## To do:
Which lines of the data hold the word "that"? Copy all of them.

## Provided data:
•••••
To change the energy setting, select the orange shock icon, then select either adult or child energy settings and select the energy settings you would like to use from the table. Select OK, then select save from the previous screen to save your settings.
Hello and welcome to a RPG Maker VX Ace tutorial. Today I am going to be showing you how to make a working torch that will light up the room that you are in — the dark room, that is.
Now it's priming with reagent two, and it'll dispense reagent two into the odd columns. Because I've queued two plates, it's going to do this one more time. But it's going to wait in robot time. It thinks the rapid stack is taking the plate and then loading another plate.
•••••
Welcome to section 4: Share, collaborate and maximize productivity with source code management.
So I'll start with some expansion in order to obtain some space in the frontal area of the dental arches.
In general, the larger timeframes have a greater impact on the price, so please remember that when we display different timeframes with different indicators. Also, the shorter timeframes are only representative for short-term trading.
•••••
## Task result:
Hello and welcome to a RPG Maker VX Ace tutorial. Today I am going to be showing you how to make a working torch that will light up the room that you are in — the dark room, that is.
In general, the larger timeframes have a greater impact on the price, so please remember that when we display different timeframes with different indicators. Also, the shorter timeframes are only representative for short-term trading.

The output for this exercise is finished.